DTANet: Dynamic Topology-Aware Network for Lane Detection in Complex Scenarios

Robust and accurate lane detection remains a critical challenge in autonomous driving, particularly under complex road scenarios such as occlusions, intersections , and curved lanes. Existing methods often struggle to preserve the topological structure of lanes due to limited geometric modeling capacity. To address this, we propose the Dynamic Topology-Aware Network (DTANet), which explicitly models and dynamically adapts the topology of lane during learning: it maintains the continuity of the lane under occlusions via adaptive contextual aggregation and accurately models curved lanes using differential geometric constraints.
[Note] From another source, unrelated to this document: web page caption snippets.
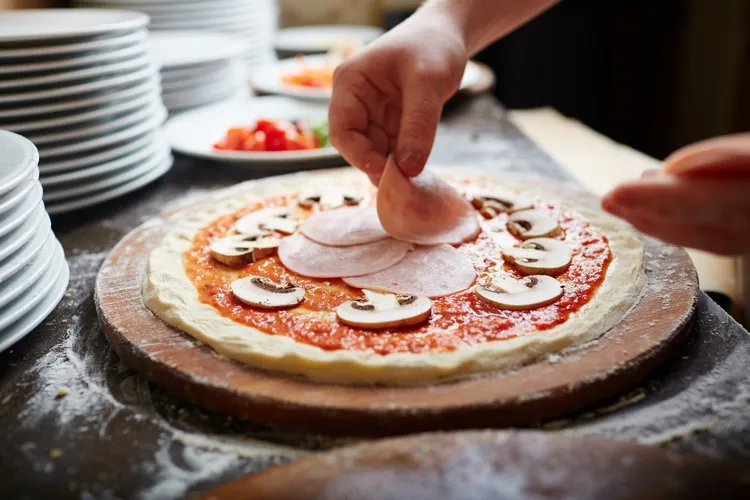 preparing pizza with tomato sauce mushrooms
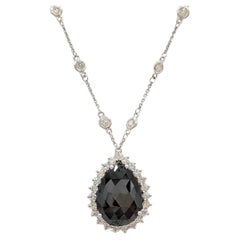 Collier pendentif en or blanc 14 carats avec diamants noirs et blancs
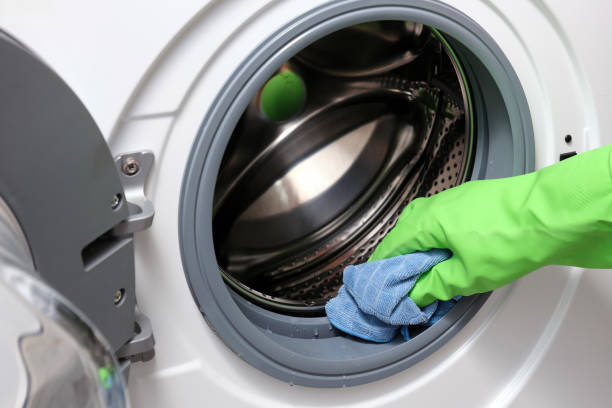 istock A woman's hand in a protective rubber glove wipes away moisture a washing machine. 2195809572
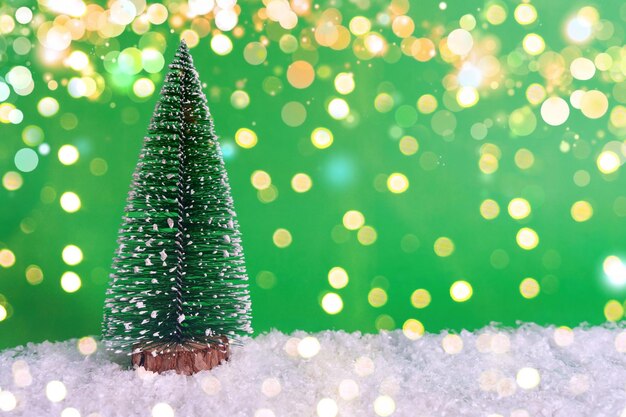 Foto Árbol de navidad cubierto de nieve sobre nieve y fondo verde con tarjeta conceptual de estandarte de navidad bokeh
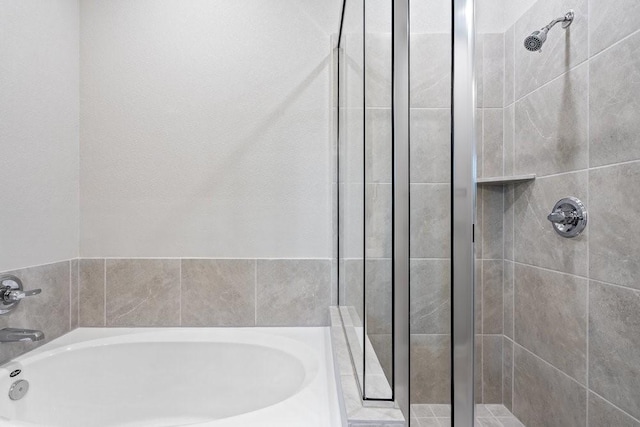 bathroom featuring shower with separate bathtub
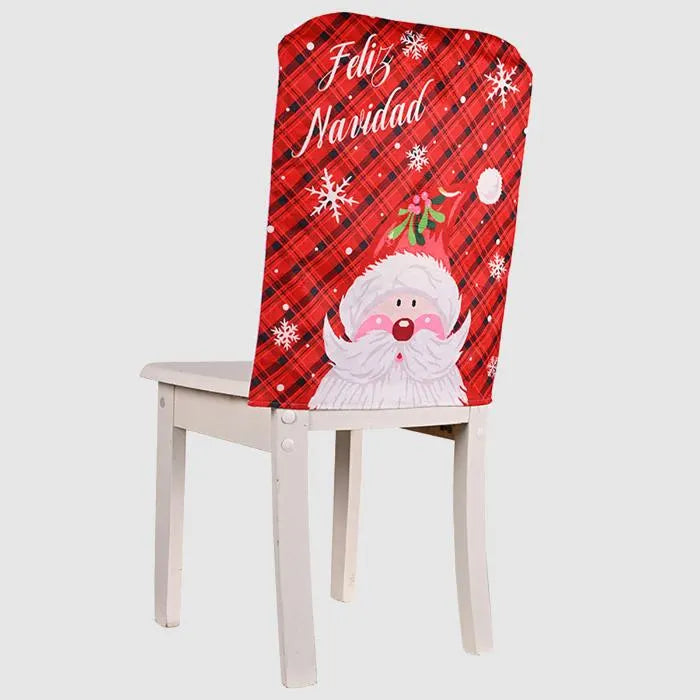 Red plaid Christmas chair cover with whimsical Santa face design and "Feliz Navidad" text, decorated with snowflake patterns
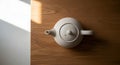 Minimalist White Teapot on a Wooden Table with Natural Light Royalty Free Stock Photo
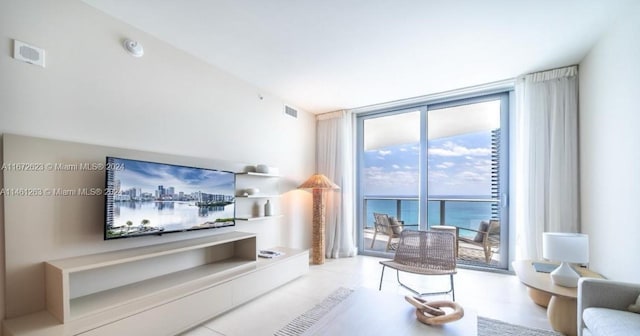 4111 S Ocean Dr Unit 3007, Hollywood, FL 33019 - living area featuring a wall of windows and visible vents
Specifically, DTANet has three core components: a Dynamic Topology Encoder (DTE) transforms spatial features into a graph-based representation , capturing local-global topological dependencies via multi-scale graph convolutions and dynamic attention; a Topology Distillation Enhancer (TDE) combines an adaptive gated mechanism with a geometric constraint—this constraint aligns curvature and tangent direction fields across feature levels to avoid semantic enhancement eroding lane geometric integrity, and the gated mechanism adjusts distillation pathways by scene complexity to reinforce continuity in degraded regions; a Topology Consistency Loss (TCL) supervises predicted curves via differential geometric constraints and penalizes curvature and orientation discrepancies against ground truth to provide global topological supervision. Experimental results on challenging lane detection benchmarks indicate that our method demonstrates promising performance compared against state-of-the-art models.